What stands between Senate Democrats and passing legislation now are a series of yet more procedural votes, which will likely take place over the next four days, culminating in a final up or down vote on reform, on Christmas eve at the latest.

That could come earlier, if Republicans accept what everybody knows: they’re in checkmate. Barring a truly shocking development, health care reform will pass–can pass today, in theory–and at this point the delays have nothing to do with Democrats coming to agreement, and everything to do with Republicans maximizing the amount of time they can squeeze out of the legislative process under the rules of the Senate.

Already, even swing-vote Democrats are talking about the bill as if it’s already passed. “The next step, of course, will be to see what happens with the conference,” said Sen. Ben Nelson.

Once the bill has passed, a new tussle will begin. Democrats in the House and Senate will have to put their two bills together and come out with a single piece of legislation that can win a majority in the House, and a supermajority in the Senate. And it could get ugly: The conference negotiations–likely to take place informally in discussions between Democratic leaders and the White House–will touch off a major ideological fight among progressives and the Democratic party.

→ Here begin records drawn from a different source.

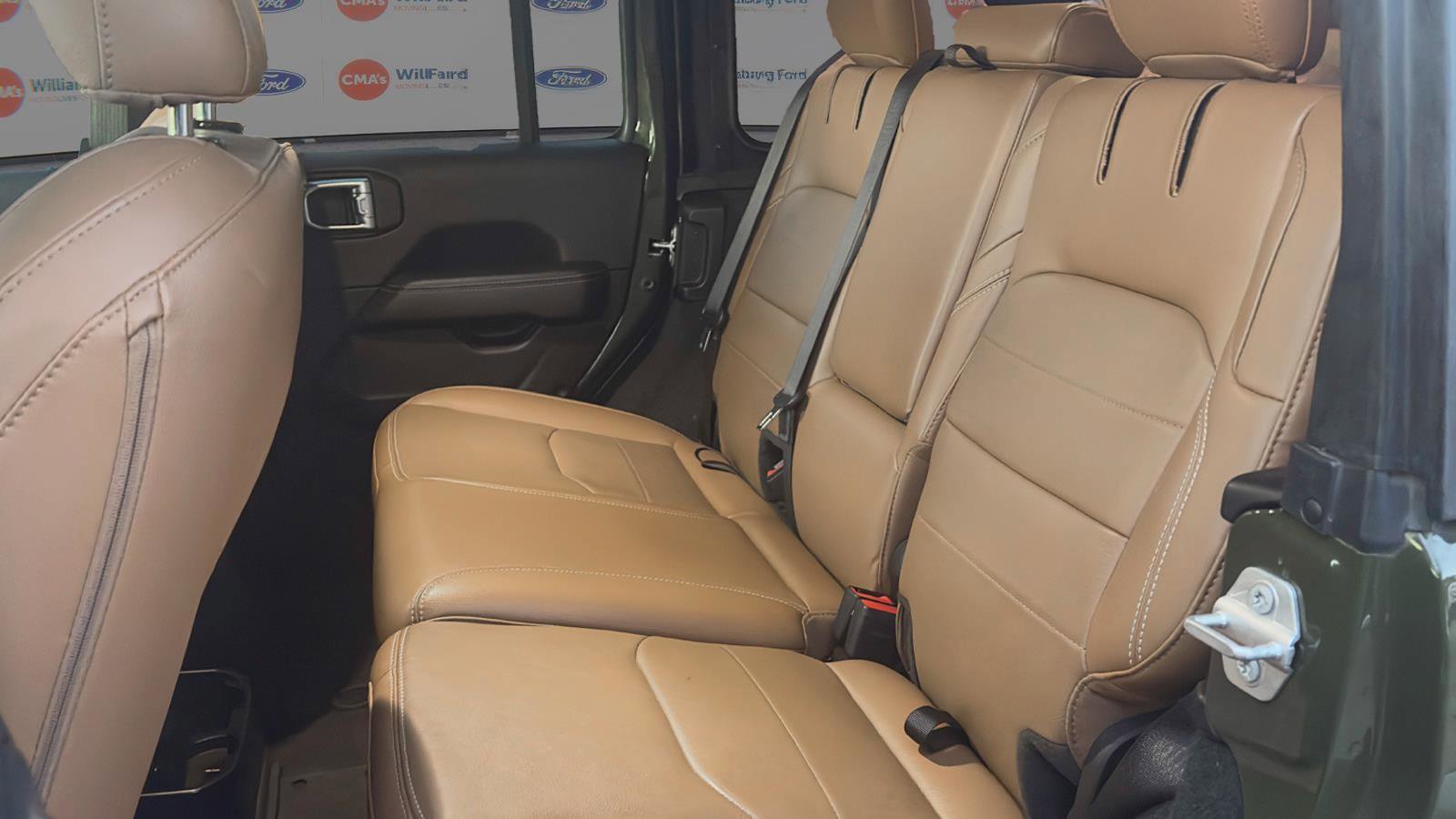 Used 2022 Jeep Wrangler Unlimited Sahara w/ Cold Weather Group image 7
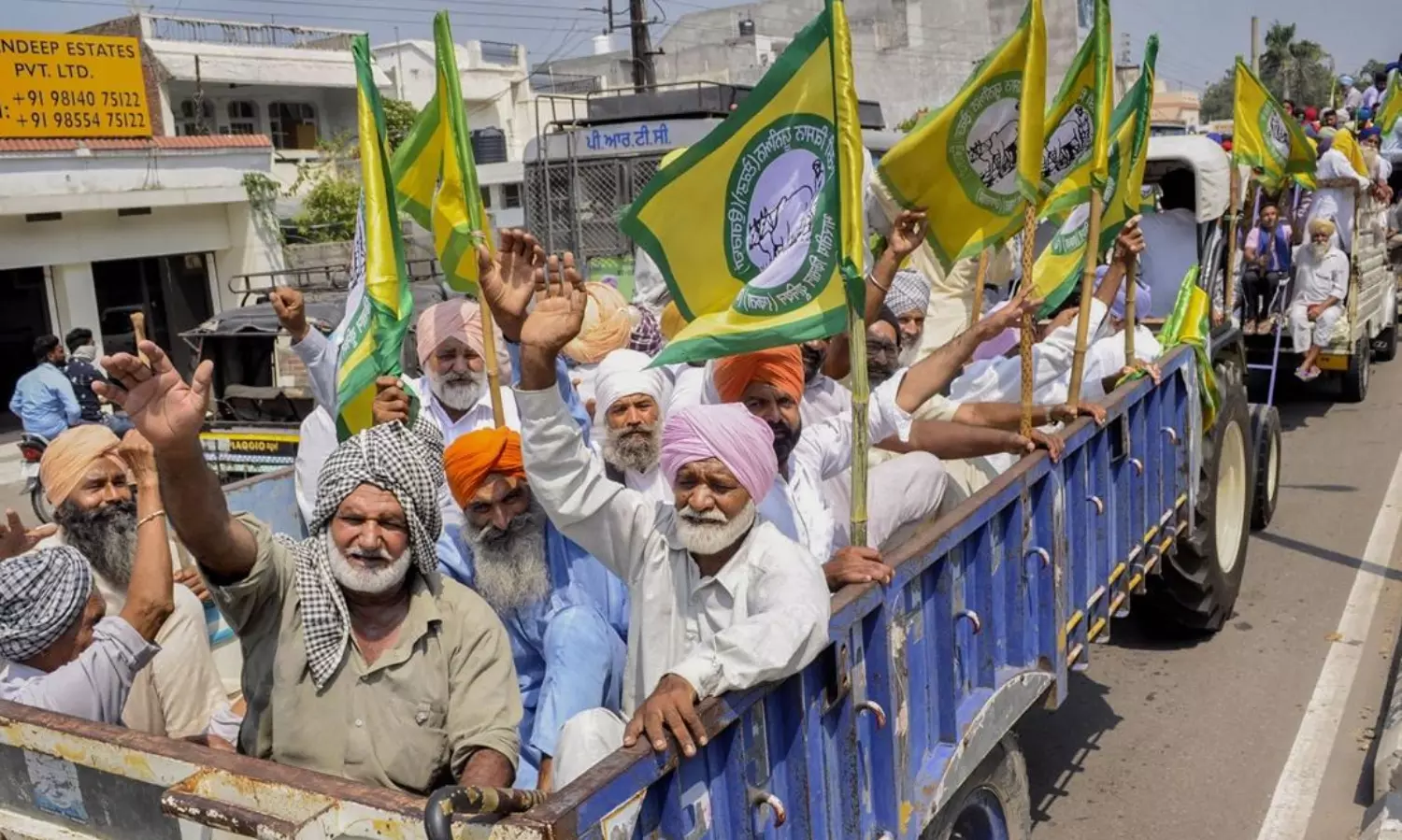 Thousands of farmers protest in Maharashtra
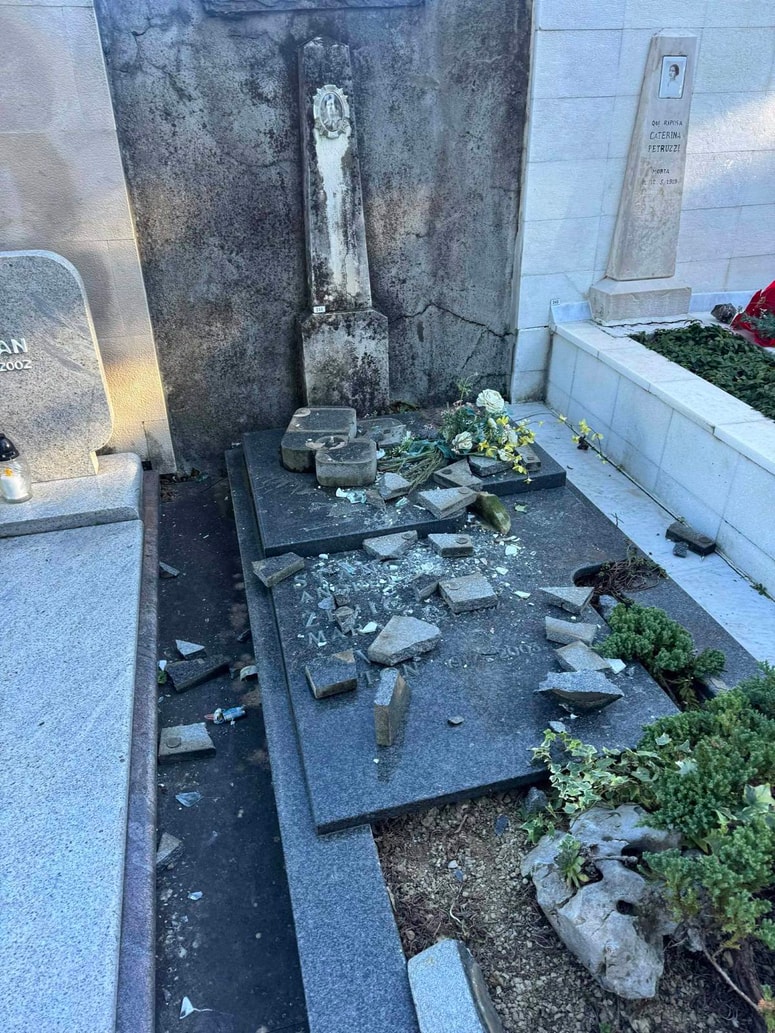 Skrunjeni grobovi na Škofijah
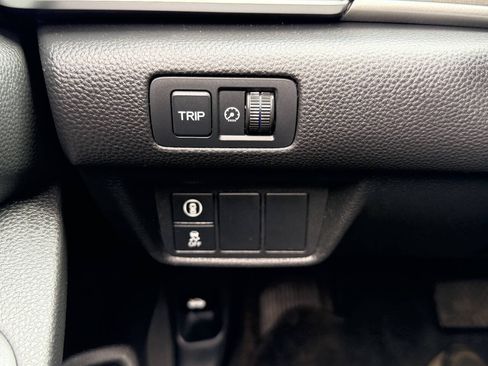 Used 2018 Honda Accord LX image 9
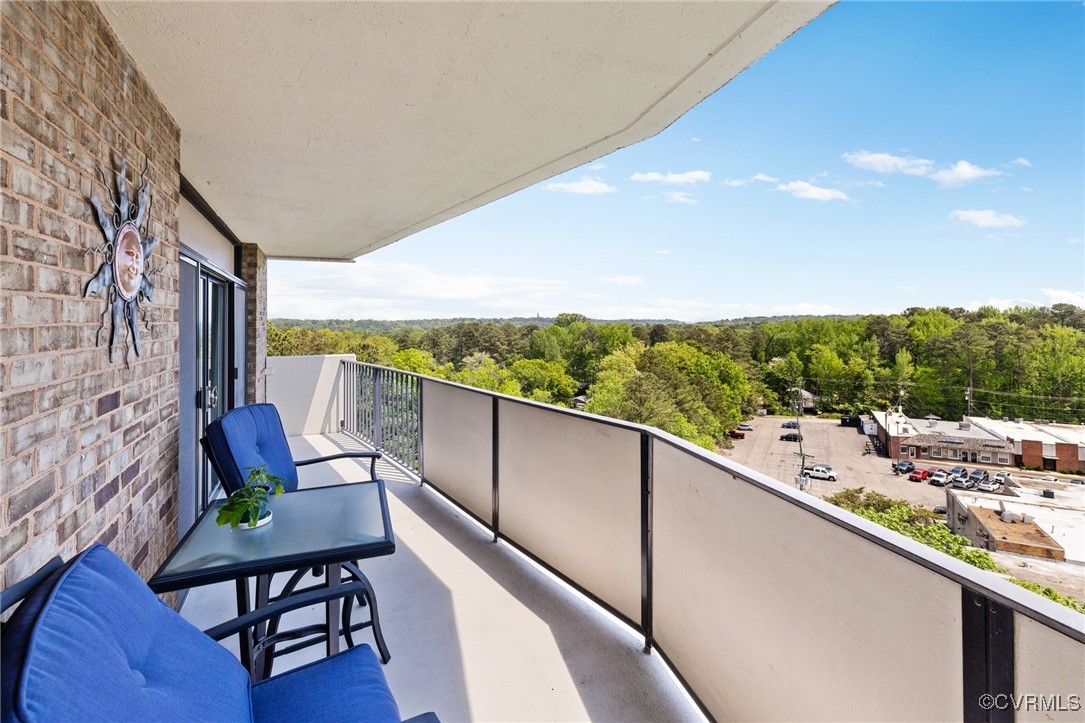 2956 Hathaway Road, Unit U912 Richmond, VA 23225 - Photo 22 of 29 a view of a chairs and table in patio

Rounding up a filibuster-proof majority for health care reform required Reid to make major concessions to conservative Democrats in the Senate, and they are now insisting that they will filibuster the final package if those concessions are undone. But liberal members of the House, and progressive pressure groups won’t take that lying down. Because conservative Democrats have more leverage than do their progressive counterparts–because each one has the power to kill the legislation, and have been clear that they will if the bill moves significantly to the left–the smart money is on House liberals being asked to swallow a bill that doesn’t contain many of the provisions they value the most. Particularly, the public option.

And that will widen an already yawning rift between the progressive base and the White House and Democratic leadership. How that all shakes out–what liberals get in return for accepting a less progressive bill, who decides to support the bill, what the outside groups do, and how the party responds–is where the action will be in the weeks ahead.